The records are to be repeated in full, with the images removed.

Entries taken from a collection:
================

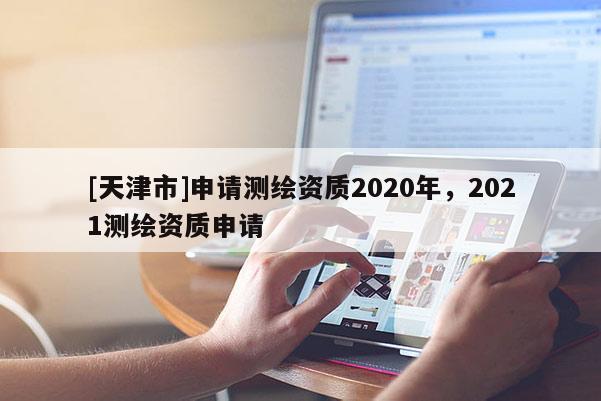 [天津市]申请测绘资质2020年，2021测绘资质申请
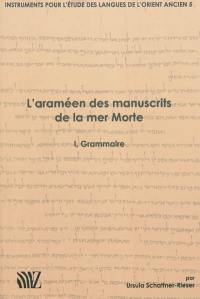 L'araméen des manuscrits de la mer Morte. Vol. 1. Grammaire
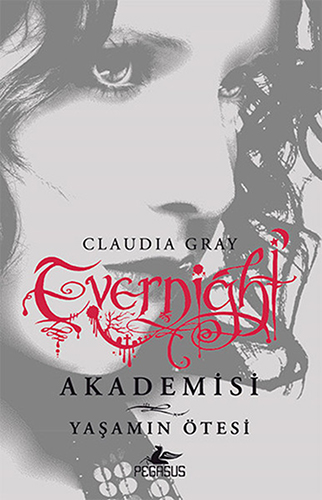 Evernight Akademisi 4 - Yaşamın Ötesi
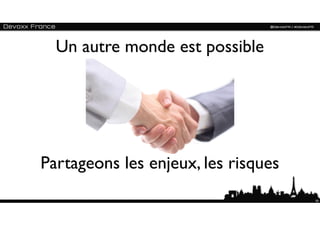 Un autre monde est possible




Partageons les enjeux, les risques
                                     50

================

Solved exercise
 [天津市]申请测绘资质2020年，2021测绘资质申请
 L'araméen des manuscrits de la mer Morte. Vol. 1. Grammaire
 Evernight Akademisi 4 - Yaşamın Ötesi
 Un autre monde est possible




Partageons les enjeux, les risques
                                     50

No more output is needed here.